Watching online videos of people dancing awkwardly to silly songs is one of America’s favorite ways to waste time. But Atlanta-based Moe’s Southwest Grill turned that pointless pastime into a big moneymaker with its second-annual Dance Your Queso Off contest.
The contest asked fans to upload to the www.ilovequeso.com microsite videos of themselves expressing their love for Moe’s queso appetizer — a melted white-cheese dip — through interpretive dance. Videos garnered 104,000 votes from the beginning of June through July 24. All of the video watching promoted the fast-casual chain’s Free Queso Day promotion, which took place systemwide June 20.
Brand officials said the user-generated video contest was popular because more people are getting comfortable filming their own videos and sharing. But Moe’s also thinks the real star of the promotion was the queso.
“In my mind, it was definitely the queso,” said Brett Campbell, director of marketing for Moe’s, which has 420 locations in 32 states. “Guests tell us all the time how passionate they are for that product. It’s a big differentiator for us.”
It also turned out to be a big traffic driver. The first dance contest in 2010 spurred a 50-percent rise in traffic compared with a year earlier for the first Free Queso Day, and this year’s promotion increased guest counts an additional 23 percent on top of that comp for the daylong giveaway.
Campbell could not quantify the lift in sales for this year’s Free Queso Day, but he did note that Moe’s got very satisfying returns on the marketing spend and food cost for the free queso, because entrées and drinks weren’t discounted.
“That’s the beauty: Queso is a side or a sharing product,” Campbell said. “It’s a strong enough call to action that it drives people in, but they actually purchase their burrito and drink.”
Play it again, Moe’s
Moe’s said it made many improvements this year from the inaugural Dance Your Queso Off contest of 2010, but the brand did keep one key element from the previous year. The original song by Christiano Covino, who won 2010’s user-generated video contest, was the soundtrack to every dance video entered in this year’s competition.
“That gives users from 2010 a chance to see Dance Your Queso Off as more than a one-time show,” Campbell said.
However, Moe’s switched from merely counting the votes for the most popular videos to a tournament-style face-off format, where users would select which of two videos would move on to later rounds. Moe’s recorded improvement in all the contest’s measurable results, Campbell said. Submissions rose from 96 in 2010 to 132 in 2011. Video views increased from 83,000 to 636,000, and Facebook shares rose from 572 to 2,900.
While the 2010 contest was promoted mostly with in-store signage and word-of-mouth, this year’s promotion was the touchstone for a major digital-marketing push for Moe’s.

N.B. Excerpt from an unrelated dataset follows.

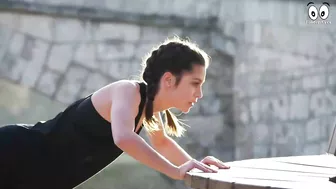 Woman stretching near a swimming pool | Push-ups on a park bench | workout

“After last year’s learnings, we definitely knew that we would get the engagement from our consumers,” Campbell said. “They’re willing to interact, so how do we beef this up? We spent close to $150,000 on a digital plan and bought space on ad networks for mobile and social [media]. We had a bigger incentive this year, going from $1,000 to $10,000.”
The competition angle — pitting videos against one another — encouraged visitors to the site to watch 10 to 20 in a row, added Alberto Pages, senior director of business development for Moe’s marketing agency, Atlanta-based Brandmovers. Moe’s also made the microsite more social this time, incorporating Facebook “like” buttons and Twitter share buttons for each video, as well as a dedicated comment stream for each entry.
The X factor
Campbell reiterated that queso was the ideal product upon which to base the contest and the new marketing push because it’s popular among core guests and also builds up the chain’s average check.

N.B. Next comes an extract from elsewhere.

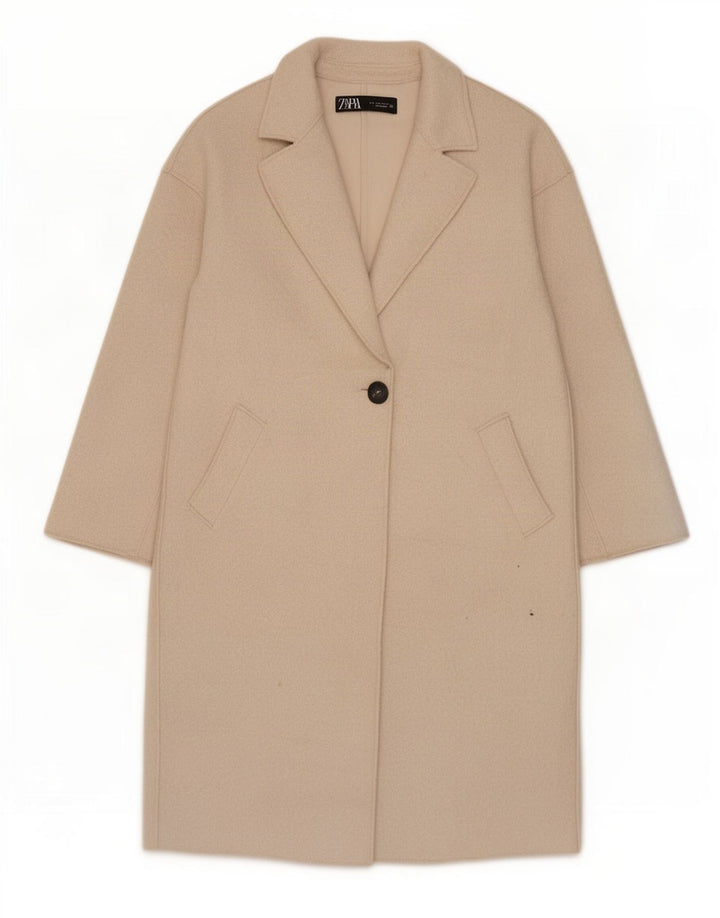 Zara Dame Oversized Overfrakke UK 10 Small Beige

“The whole centerpiece of the promotion was how to leverage our signature product and drive buzz around it,” Campbell said. “All this buildup gets that energy around the product.”

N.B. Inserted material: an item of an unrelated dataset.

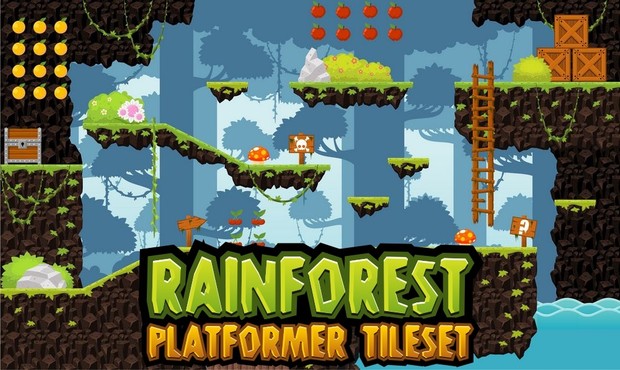 Rainforest Platformer Tileset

Moe’s also was reasonably confident that guests would be on board with a user-generated video contest because it matches the kind of in-store dialogue for which the chain strives, he added.
“As for user-generated content, your brand has to really be the type of brand to determine [whether the tactic is appropriate],” Campbell said. “With us, the interaction we get on our Facebook page and in our stores, they love to interact with us. When guests walk in the door, we scream, ‘Welcome to Moe’s!’ So within our brand, yes, we could ask them to participate in something, and it would be successful.”
Interaction is great, Pages of Brandmovers said, but it also must have an element that drives traffic and ultimately lifts sales.
“Any idea can be a good idea, but if you don’t put a plan in place that monetizes the entertainment value, there isn’t a whole lot of point in doing it,” Pages said. “The video contest encouraged customers to engage, then we integrated other elements like the digital-ad buy, callouts in the store and social media to broaden awareness and put more butts in seats [for Free Queso Day].”